According to the Federal Communications Commission (FCC), UWB signals are characterized by having an absolute bandwidth of over 500 MHz or a relative bandwidth of more than 20% [3]. The FCC played a pioneering role in setting the standards for the application of UWB technology in the United States. Subsequently, other regions such as Europe, Japan, Korea, and other countries followed, developing their own set of regulations for UWB standards [4]. In Europe, Korea, and Japan, the bandwidth of UWB communication is categorized into two bands: the low band and the high band. However, to use the low band of UWB (ranging from 3.1 to 4.8 GHz in Europe), a license is required for implementation [5]. On the other hand, the high band of UWB (ranging from 6 to 8.5 GHz in Europe) does not require a license, facilitating a more rapid introduction of systems. As a result, there has been a recent surge in demand for the development of high-band UWB antennas.

In the antenna design process for UWB systems, miniaturization is a challenge due to the physical size constraints imposed by their applications. In [6,7], the Vivaldi structure was proposed for UWB applications, given its remarkable features such as high gain, fairly wide bandwidth, and a directive radiation pattern. However, their larger physical size poses a challenge when integrating them into devices with size limitations. Alternatively, the monopole structure is another promising approach for UWB antennas due to its simplicity in design, cost-effectiveness, ease of fabrication, and the ability to achieve omni-directional radiation patterns [8,9,10]. In [11,12], planar monopole antennas utilizing an FR4 substrate were suggested. However, PCB antennas with common substrates like FR4 or Rogers often have a thick profile, which may not be suitable for compact designs [13,14]. To address the issue of antenna miniaturization, one solution involves utilizing thin film technology. By combining the advantages of the monopole antenna design with a thin film structure, several approaches have been reported to overcome the size limitations of the antennas.

In [15], a tapered slot antenna using a 200 μm liquid crystal polymer (LCP) substrate was proposed. The design showed great radiation performance and excellent time domain characteristics as very little distortion was introduced by the antenna. However, the bulky dimensions ($130\times 66$ mm${}^2$) are not suitable for modern electronics integration. In [16], an elliptically shaped monopole UWB antenna printed on Kapton polyimide substrate was presented. It showed good radiation characteristics and impedance matching, with low degradation when under bending effects. However, the size of it ($47\times 33$ mm${}^2$) needs further miniaturization.

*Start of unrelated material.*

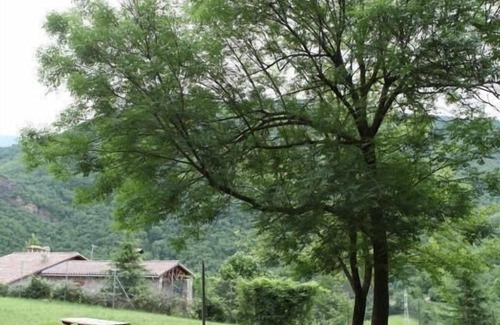 Buira House | Colonias Verge Blanca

In [17], H. Bahrami et al. designed flexible spiral-type dual-polarization antennas for neural recording systems by using a substrate of polyimide (PI) with a dielectric constant (Dk) of 3.5. In [18], a CPW-fed monopole with dimensions of $34.5\times 26$ mm${}^2$ for wearable application was suggested. Polyester with Dk = 3.2 was used as an antenna substrate, and polydimethylsiloxane (PDMS) with Dk = 2.3–2.8 was used as an artificial magnetic conductor (AMC). In [19], Hong et al. proposed a design of a transparent and flexible antenna with an ITO/Ag/ITO (IAI) multilayer for wearable glasses application. A PI film layer with Dk = 3.5 was chosen as the substrate. Phan et al. designed a microstrip monopole antenna “Sapin” covering the bandwidth from 2.2 to 10 GHz for wireless local area network (WLAN) application [20]. The antenna’s dimensions were $45\times 28$ mm${}^2$, and the substrate was E4D paper with Dk = 3.184. Among all these works, low-Dk film materials were often chosen as the antenna’s substrate because low-Dk material allows energy to be radiated out of the system rather than being stored in the substrate, which results in increasing the bandwidth of resonance. However, to overcome the space limitation, one approach to miniaturization is to use a high-Dk substrate with bandwidth scaling.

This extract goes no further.